Segment Start: Materials provided

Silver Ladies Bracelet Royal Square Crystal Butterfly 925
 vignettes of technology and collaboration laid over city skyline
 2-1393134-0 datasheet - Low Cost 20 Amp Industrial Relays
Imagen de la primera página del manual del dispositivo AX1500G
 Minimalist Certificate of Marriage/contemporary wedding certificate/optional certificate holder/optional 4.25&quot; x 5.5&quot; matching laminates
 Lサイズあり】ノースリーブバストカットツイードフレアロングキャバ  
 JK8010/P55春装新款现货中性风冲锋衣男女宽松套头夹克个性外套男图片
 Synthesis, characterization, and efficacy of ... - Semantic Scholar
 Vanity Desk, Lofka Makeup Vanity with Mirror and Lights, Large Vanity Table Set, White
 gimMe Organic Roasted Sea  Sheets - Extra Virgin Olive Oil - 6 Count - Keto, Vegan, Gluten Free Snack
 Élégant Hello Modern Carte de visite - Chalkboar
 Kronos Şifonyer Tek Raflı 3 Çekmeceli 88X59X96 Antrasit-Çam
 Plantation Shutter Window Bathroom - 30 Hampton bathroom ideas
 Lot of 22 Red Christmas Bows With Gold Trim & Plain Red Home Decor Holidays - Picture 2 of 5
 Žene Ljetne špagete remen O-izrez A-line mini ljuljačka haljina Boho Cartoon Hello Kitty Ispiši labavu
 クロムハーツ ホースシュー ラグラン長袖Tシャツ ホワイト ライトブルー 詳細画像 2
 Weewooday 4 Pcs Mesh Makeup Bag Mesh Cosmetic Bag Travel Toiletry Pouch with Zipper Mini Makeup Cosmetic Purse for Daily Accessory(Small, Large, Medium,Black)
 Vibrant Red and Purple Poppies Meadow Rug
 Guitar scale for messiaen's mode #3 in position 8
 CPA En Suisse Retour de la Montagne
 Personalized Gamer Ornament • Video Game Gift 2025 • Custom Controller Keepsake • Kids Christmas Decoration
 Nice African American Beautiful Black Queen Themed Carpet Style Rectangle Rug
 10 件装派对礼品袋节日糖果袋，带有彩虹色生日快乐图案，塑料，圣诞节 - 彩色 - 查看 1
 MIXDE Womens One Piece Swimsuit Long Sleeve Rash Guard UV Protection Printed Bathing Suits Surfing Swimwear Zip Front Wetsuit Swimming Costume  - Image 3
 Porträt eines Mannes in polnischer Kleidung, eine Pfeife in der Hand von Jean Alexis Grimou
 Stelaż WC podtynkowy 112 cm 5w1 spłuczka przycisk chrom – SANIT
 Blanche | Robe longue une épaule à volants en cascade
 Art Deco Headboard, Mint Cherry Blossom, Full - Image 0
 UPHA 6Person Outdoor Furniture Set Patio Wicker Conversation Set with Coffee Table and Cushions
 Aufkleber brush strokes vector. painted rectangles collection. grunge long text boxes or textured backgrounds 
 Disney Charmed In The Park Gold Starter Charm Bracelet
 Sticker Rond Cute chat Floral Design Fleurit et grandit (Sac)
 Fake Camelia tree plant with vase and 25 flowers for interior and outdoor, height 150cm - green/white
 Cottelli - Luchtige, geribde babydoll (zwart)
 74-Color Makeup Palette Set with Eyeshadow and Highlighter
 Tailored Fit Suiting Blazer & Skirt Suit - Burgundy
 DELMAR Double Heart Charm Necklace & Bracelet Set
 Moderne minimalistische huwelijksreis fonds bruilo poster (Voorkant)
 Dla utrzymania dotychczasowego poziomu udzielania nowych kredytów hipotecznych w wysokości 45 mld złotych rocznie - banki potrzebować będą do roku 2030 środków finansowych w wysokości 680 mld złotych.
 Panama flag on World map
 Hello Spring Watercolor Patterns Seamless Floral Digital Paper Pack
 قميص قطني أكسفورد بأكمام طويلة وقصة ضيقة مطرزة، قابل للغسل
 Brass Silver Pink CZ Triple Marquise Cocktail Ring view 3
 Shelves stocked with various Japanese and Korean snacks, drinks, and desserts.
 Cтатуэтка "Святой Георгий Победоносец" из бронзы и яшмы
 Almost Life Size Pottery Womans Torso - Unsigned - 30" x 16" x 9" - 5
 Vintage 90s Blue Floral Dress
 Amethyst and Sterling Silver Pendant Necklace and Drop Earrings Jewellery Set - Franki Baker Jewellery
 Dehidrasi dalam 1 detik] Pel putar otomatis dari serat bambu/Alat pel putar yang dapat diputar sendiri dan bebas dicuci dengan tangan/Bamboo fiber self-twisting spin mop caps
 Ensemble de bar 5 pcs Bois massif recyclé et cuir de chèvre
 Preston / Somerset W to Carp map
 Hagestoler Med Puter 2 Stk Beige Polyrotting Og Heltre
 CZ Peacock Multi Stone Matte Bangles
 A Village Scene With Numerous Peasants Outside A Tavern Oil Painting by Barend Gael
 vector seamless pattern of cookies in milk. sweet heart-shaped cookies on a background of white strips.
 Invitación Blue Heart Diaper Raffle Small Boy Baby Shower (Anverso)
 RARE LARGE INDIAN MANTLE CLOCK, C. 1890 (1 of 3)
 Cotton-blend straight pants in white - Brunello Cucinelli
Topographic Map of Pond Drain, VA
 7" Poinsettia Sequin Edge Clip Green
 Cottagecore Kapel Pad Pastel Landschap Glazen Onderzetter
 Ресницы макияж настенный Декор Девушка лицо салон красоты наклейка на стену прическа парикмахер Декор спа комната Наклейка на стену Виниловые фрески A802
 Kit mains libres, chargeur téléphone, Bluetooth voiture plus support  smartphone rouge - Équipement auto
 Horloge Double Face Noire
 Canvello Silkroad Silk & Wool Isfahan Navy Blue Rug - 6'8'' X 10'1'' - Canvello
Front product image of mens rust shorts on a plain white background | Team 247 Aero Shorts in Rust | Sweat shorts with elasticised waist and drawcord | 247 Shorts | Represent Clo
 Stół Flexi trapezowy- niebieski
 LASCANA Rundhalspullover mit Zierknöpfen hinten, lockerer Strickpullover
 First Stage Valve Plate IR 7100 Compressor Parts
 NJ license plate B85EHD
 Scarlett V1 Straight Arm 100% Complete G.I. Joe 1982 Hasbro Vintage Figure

Segment End: Materials provided

§ **Aim of the exercise**: Transcribe the data in full, keeping every detail.

§ **Answer area**:
Silver Ladies Bracelet Royal Square Crystal Butterfly 925
 vignettes of technology and collaboration laid over city skyline
 2-1393134-0 datasheet - Low Cost 20 Amp Industrial Relays
Imagen de la primera página del manual del dispositivo AX1500G
 Minimalist Certificate of Marriage/contemporary wedding certificate/optional certificate holder/optional 4.25&quot; x 5.5&quot; matching laminates
 Lサイズあり】ノースリーブバストカットツイードフレアロングキャバ  
 JK8010/P55春装新款现货中性风冲锋衣男女宽松套头夹克个性外套男图片
 Synthesis, characterization, and efficacy of ... - Semantic Scholar
 Vanity Desk, Lofka Makeup Vanity with Mirror and Lights, Large Vanity Table Set, White
 gimMe Organic Roasted Sea  Sheets - Extra Virgin Olive Oil - 6 Count - Keto, Vegan, Gluten Free Snack
 Élégant Hello Modern Carte de visite - Chalkboar
 Kronos Şifonyer Tek Raflı 3 Çekmeceli 88X59X96 Antrasit-Çam
 Plantation Shutter Window Bathroom - 30 Hampton bathroom ideas
 Lot of 22 Red Christmas Bows With Gold Trim & Plain Red Home Decor Holidays - Picture 2 of 5
 Žene Ljetne špagete remen O-izrez A-line mini ljuljačka haljina Boho Cartoon Hello Kitty Ispiši labavu
 クロムハーツ ホースシュー ラグラン長袖Tシャツ ホワイト ライトブルー 詳細画像 2
 Weewooday 4 Pcs Mesh Makeup Bag Mesh Cosmetic Bag Travel Toiletry Pouch with Zipper Mini Makeup Cosmetic Purse for Daily Accessory(Small, Large, Medium,Black)
 Vibrant Red and Purple Poppies Meadow Rug
 Guitar scale for messiaen's mode #3 in position 8
 CPA En Suisse Retour de la Montagne
 Personalized Gamer Ornament • Video Game Gift 2025 • Custom Controller Keepsake • Kids Christmas Decoration
 Nice African American Beautiful Black Queen Themed Carpet Style Rectangle Rug
 10 件装派对礼品袋节日糖果袋，带有彩虹色生日快乐图案，塑料，圣诞节 - 彩色 - 查看 1
 MIXDE Womens One Piece Swimsuit Long Sleeve Rash Guard UV Protection Printed Bathing Suits Surfing Swimwear Zip Front Wetsuit Swimming Costume  - Image 3
 Porträt eines Mannes in polnischer Kleidung, eine Pfeife in der Hand von Jean Alexis Grimou
 Stelaż WC podtynkowy 112 cm 5w1 spłuczka przycisk chrom – SANIT
 Blanche | Robe longue une épaule à volants en cascade
 Art Deco Headboard, Mint Cherry Blossom, Full - Image 0
 UPHA 6Person Outdoor Furniture Set Patio Wicker Conversation Set with Coffee Table and Cushions
 Aufkleber brush strokes vector. painted rectangles collection. grunge long text boxes or textured backgrounds 
 Disney Charmed In The Park Gold Starter Charm Bracelet
 Sticker Rond Cute chat Floral Design Fleurit et grandit (Sac)
 Fake Camelia tree plant with vase and 25 flowers for interior and outdoor, height 150cm - green/white
 Cottelli - Luchtige, geribde babydoll (zwart)
 74-Color Makeup Palette Set with Eyeshadow and Highlighter
 Tailored Fit Suiting Blazer & Skirt Suit - Burgundy
 DELMAR Double Heart Charm Necklace & Bracelet Set
 Moderne minimalistische huwelijksreis fonds bruilo poster (Voorkant)
 Dla utrzymania dotychczasowego poziomu udzielania nowych kredytów hipotecznych w wysokości 45 mld złotych rocznie - banki potrzebować będą do roku 2030 środków finansowych w wysokości 680 mld złotych.
 Panama flag on World map
 Hello Spring Watercolor Patterns Seamless Floral Digital Paper Pack
 قميص قطني أكسفورد بأكمام طويلة وقصة ضيقة مطرزة، قابل للغسل
 Brass Silver Pink CZ Triple Marquise Cocktail Ring view 3
 Shelves stocked with various Japanese and Korean snacks, drinks, and desserts.
 Cтатуэтка "Святой Георгий Победоносец" из бронзы и яшмы
 Almost Life Size Pottery Womans Torso - Unsigned - 30" x 16" x 9" - 5
 Vintage 90s Blue Floral Dress
 Amethyst and Sterling Silver Pendant Necklace and Drop Earrings Jewellery Set - Franki Baker Jewellery
 Dehidrasi dalam 1 detik] Pel putar otomatis dari serat bambu/Alat pel putar yang dapat diputar sendiri dan bebas dicuci dengan tangan/Bamboo fiber self-twisting spin mop caps
 Ensemble de bar 5 pcs Bois massif recyclé et cuir de chèvre
 Preston / Somerset W to Carp map
 Hagestoler Med Puter 2 Stk Beige Polyrotting Og Heltre
 CZ Peacock Multi Stone Matte Bangles
 A Village Scene With Numerous Peasants Outside A Tavern Oil Painting by Barend Gael
 vector seamless pattern of cookies in milk. sweet heart-shaped cookies on a background of white strips.
 Invitación Blue Heart Diaper Raffle Small Boy Baby Shower (Anverso)
 RARE LARGE INDIAN MANTLE CLOCK, C. 1890 (1 of 3)
 Cotton-blend straight pants in white - Brunello Cucinelli
Topographic Map of Pond Drain, VA
 7" Poinsettia Sequin Edge Clip Green
 Cottagecore Kapel Pad Pastel Landschap Glazen Onderzetter
 Ресницы макияж настенный Декор Девушка лицо салон красоты наклейка на стену прическа парикмахер Декор спа комната Наклейка на стену Виниловые фрески A802
 Kit mains libres, chargeur téléphone, Bluetooth voiture plus support  smartphone rouge - Équipement auto
 Horloge Double Face Noire
 Canvello Silkroad Silk & Wool Isfahan Navy Blue Rug - 6'8'' X 10'1'' - Canvello
Front product image of mens rust shorts on a plain white background | Team 247 Aero Shorts in Rust | Sweat shorts with elasticised waist and drawcord | 247 Shorts | Represent Clo
 Stół Flexi trapezowy- niebieski
 LASCANA Rundhalspullover mit Zierknöpfen hinten, lockerer Strickpullover
 First Stage Valve Plate IR 7100 Compressor Parts
 NJ license plate B85EHD
 Scarlett V1 Straight Arm 100% Complete G.I. Joe 1982 Hasbro Vintage Figure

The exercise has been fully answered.